Rep. Yvette Clarke, D–Brooklyn, CBC chair for immigration, said the bill is “a cruelty agenda masked in patriotic language,” adding that urban communities are already stretched thin.


Sen. Kirsten Gillibrand, speaking from Rochester on June 16 at Jordan Health’s Woodward Center, called the legislation “a betrayal of millions” — citing local impacts such as 40,000 Rochester-area residents losing health insurance and 25,000 facing cuts to SNAP food benefits


State Assemblyman Demond Meeks, a Black Rochester Democrat, joined Sen. Gillibrand at the Rochester event to say, “Medicaid is a lifeline… Cuts to Medicaid would mean fewer doctor visits, longer wait times… and closure of community health centers”—calling it “not just bad policy—it’s a moral failure.”

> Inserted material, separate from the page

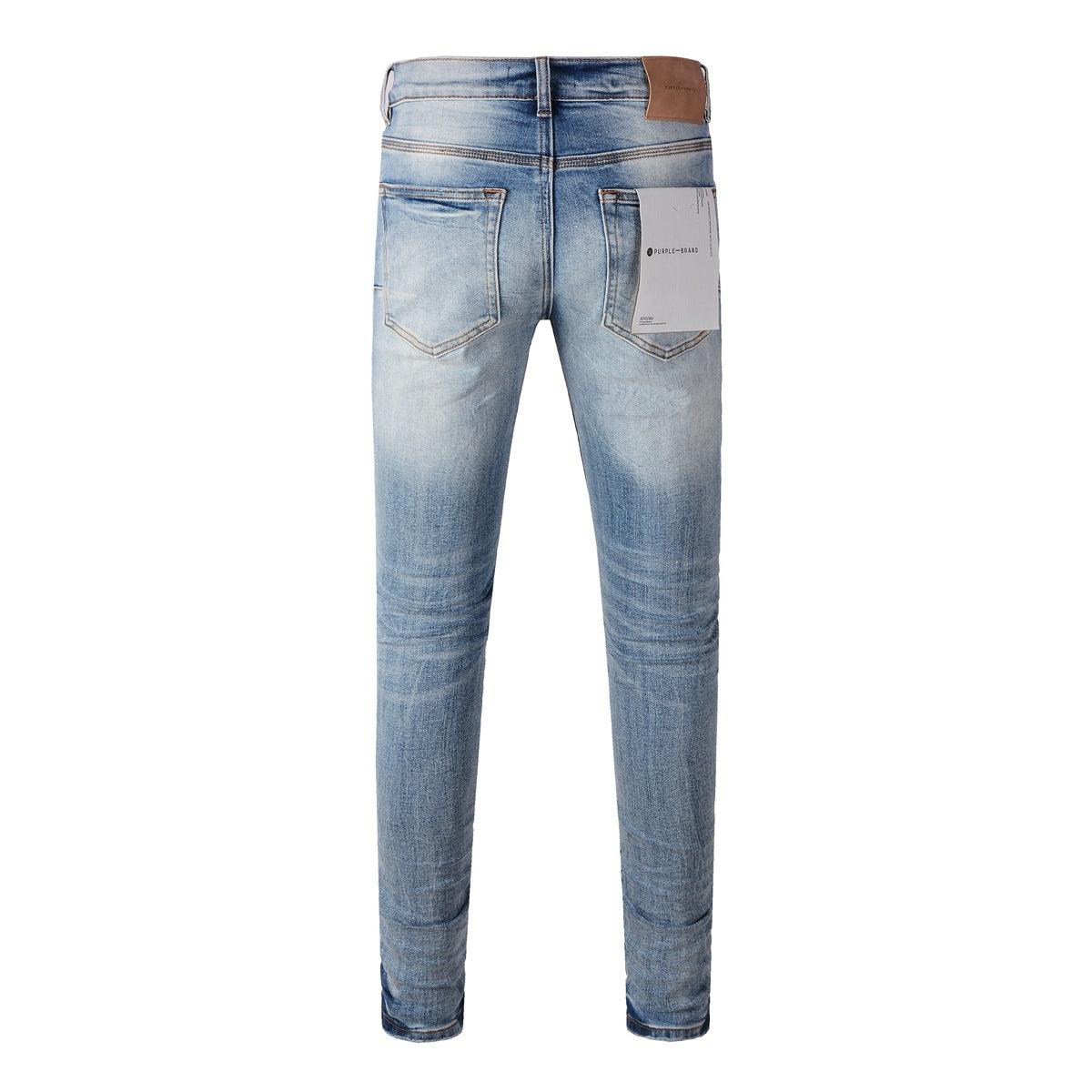 Men's American High Street Blue Patch Jeans - MAXIME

State Senator Jeremy Cooney also spoke at Glasgow Health, warning that Rochester community clinics could lose $300 million annually, and that rural hospital closures would follow .


At the federal level, Sen. Tim Scott, R‑S.C., noted he supports tax relief but urged caution.


Scott, the lone Black Republican in the U.S. Senate, expressed muted concern. Though he supported the 2017 tax law and remains open to aspects of Trump’s proposal, Scott told reporters he was reviewing the bill’s long-term impact on the national debt and Medicaid.


“I believe in tax relief,” Scott said, “but not at the cost of our nation’s most vulnerable.”


Other Black Democratic lawmakers have been more forceful.


Rep. Ayanna Pressley, D‑Mass, called the bill a “death sentence for the poor.”


Rep. Al Green, D‑Texas, warned of worsening racial health disparities in the South.


Sen. Angela Alsobrooks, D‑Md, pledged to fight “economically unequal under the guise of growth.”


Back in Rochester, Mayor Malik Evans, held a roundtable in April denouncing what he described as the “manufactured chaos” of Trump-era policies — although his remarks were broadly aimed at the Trump administration, they underscored local leadership’s vigilance.


Democrats are deploying procedural tactics in the Senate — including forcing a full 940-page reading — to delay the vote, highlighting that this “big, beautiful” bill may be anything but for communities that rely on Medicaid, SNAP, and local health infrastructure.


“This bill is not beautiful,” Jeffries said. “It’s brutal.”